Question

The ratio of diameters of two wires of the same material is $n:1$. The length of each wire is $4m$. On applying the same load, the increases in the length of the thin wire will be $\left( {n > 1} \right)$
(A) ${n^2}$ times
(B) $n$ times
(C) $2n$ times
(D) $\left( {2n + 1} \right)$ times

Answer 1

Hint
We need to use the formula for the Young’s modulus to find the increase in the length of the wires for the 2 cases. Then by substituting the given values and then taking the ratio of the 2 cases, we will get the increase in length of the thin wire in the second case with respect to the first case.
In this solution we will be using the following formula,
$\Rightarrow Y = \dfrac{{{F \mathord{\left/
 {\vphantom {F A}} \right.
} A}}}{{{{\Delta L} \mathord{\left/
 {\vphantom {{\Delta L} L}} \right.
} L}}}$
Where $Y$ is the young’s modulus of the wire
$F$ is the force due to the loads on the wire
$A$ is the area of cross-section of the wire
$L$ is the length of the wire and $\Delta L$ is the increase in length.
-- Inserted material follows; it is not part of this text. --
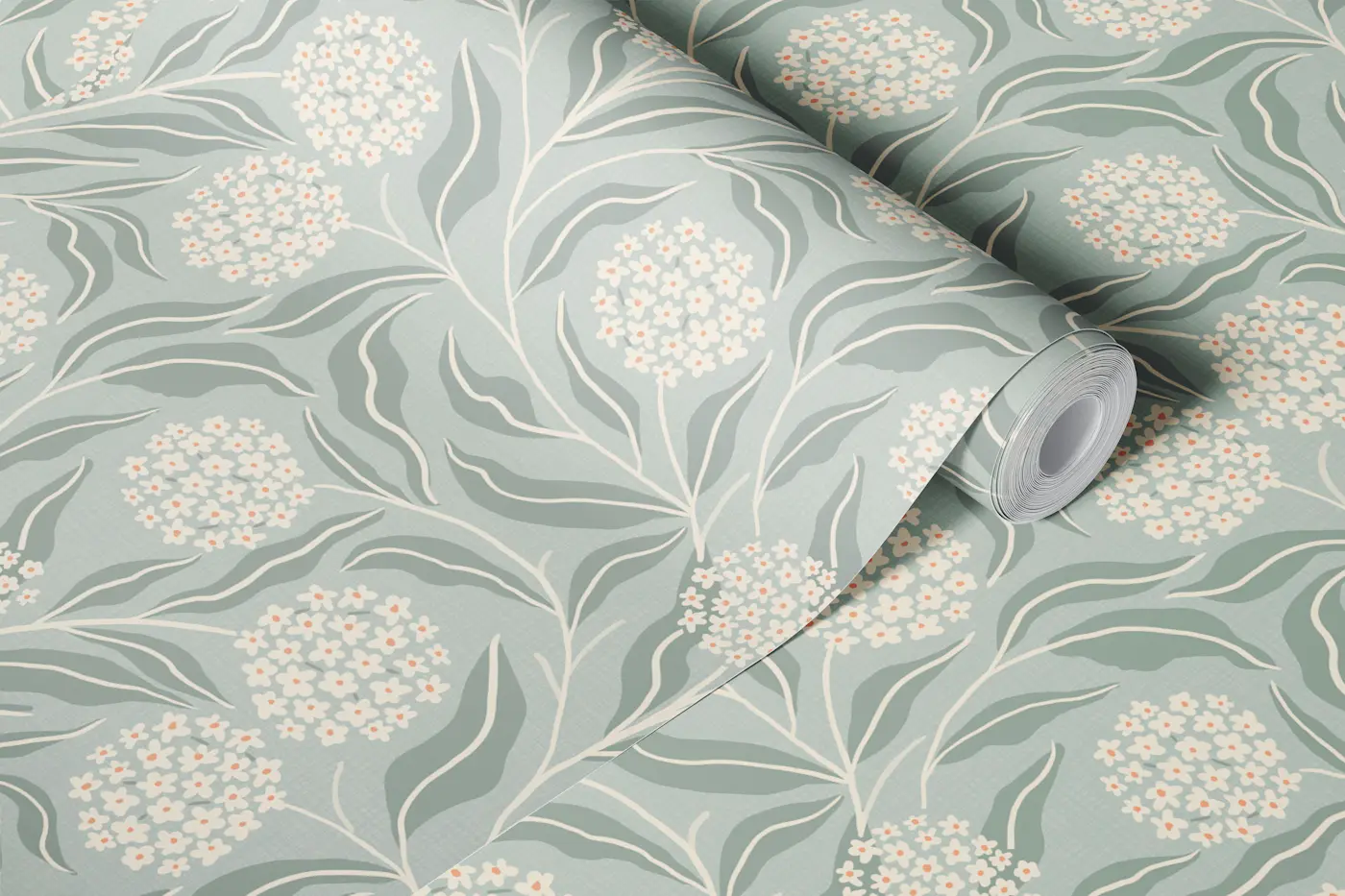Vintage Trailing Hydrangea Floral - Soft Sage wallpaper roll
Complete step by step answer
In this problem we are given 2 wires. Now let us consider the first wire to calculate the change in its length. The young’s modulus of the wire is given by the formula,
$\Rightarrow Y = \dfrac{{{F \mathord{\left/
 {\vphantom {F A}} \right.
} A}}}{{{{\Delta L} \mathord{\left/
 {\vphantom {{\Delta L} L}} \right.
} L}}}$
We can simplify it as,
$\Rightarrow Y = \dfrac{{FL}}{{A\Delta L}}$
We can take the $Y$ to the RHS and bring $\Delta L$ to the LHS as,
$\Rightarrow \Delta L = \dfrac{{FL}}{{AY}}$
Now in the case of both the wires, the Young’s modulus is the same. This is because young’s modulus is the same in both the cases as both the wires are made of the same material. The load on both the wires and the length of both the wires is also the same as in the question. So therefore, we can write this as,
$\Rightarrow \Delta L \propto \dfrac{1}{A}$
Now we can write the area of cross-section of the wire as,
$\Rightarrow A = \pi {\left( {\dfrac{d}{2}} \right)^2}$
where $d$ is the diameter of the wire. The diameter of the wires are given to be in the ratio $n:1$, that is,
$\Rightarrow \dfrac{{{d_1}}}{{{d_2}}} = n$
Or, we can write,
$\Rightarrow {d_1} = n{d_2}$
So the area of cross-section of the first wire can be written as,
$\Rightarrow {A_1} = \pi {\left( {\dfrac{{n{d_2}}}{2}} \right)^2}$
Hence we get,
$\Rightarrow {A_1} = {n^2}\pi {\left( {\dfrac{{{d_2}}}{2}} \right)^2}$
and ${A_2} = \pi {\left( {\dfrac{{{d_2}}}{2}} \right)^2}$
So if the change in the length of the wires are $\Delta {L_1}$ and $\Delta {L_2}$. And the area of cross-sections be ${A_1}$ and ${A_2}$ respectively.
So we can take the ratio of the change in lengths,
$\Rightarrow \dfrac{{\Delta {L_1}}}{{\Delta {L_2}}} = \dfrac{{{\raise0.7ex\hbox{$1$} \!\mathord{\left/
 {\vphantom {1 {{A_1}}}}\right.}
\!\lower0.7ex\hbox{${{A_1}}$}}}}{{{\raise0.7ex\hbox{$1$} \!\mathord{\left/
 {\vphantom {1 {{A_2}}}}\right.}
\!\lower0.7ex\hbox{${{A_2}}$}}}}$
So we can write this as,
$\Rightarrow \dfrac{{\Delta {L_1}}}{{\Delta {L_2}}} = \dfrac{{{A_2}}}{{{A_1}}}$
$\Rightarrow \dfrac{{\Delta {L_1}}}{{\Delta {L_2}}} = \dfrac{{\pi {{\left( {\dfrac{{{d_2}}}{2}} \right)}^2}}}{{{n^2}\pi {{\left( {\dfrac{{{d_2}}}{2}} \right)}^2}}}$
Now we can cancel $\pi {\left( {\dfrac{{{d_2}}}{2}} \right)^2}$ from the numerator and denominator. Hence we get,
$\Rightarrow \dfrac{{\Delta {L_1}}}{{\Delta {L_2}}} = \dfrac{1}{{{n^2}}}$
Therefore, arranging this equation we get,
$\Rightarrow \Delta {L_2} = {n^2}\Delta {L_1}$
So the length in the second case is ${n^2}$ times the first case.
Therefore the correct answer is option (A); ${n^2}$.

Note
The Young’s modulus is also termed as the modulus of elasticity. It is a mechanical property of a solid and is given by the ration of the stress to the strain. It can be described as the elastic deformation that a solid undergoes when some load is applied on it.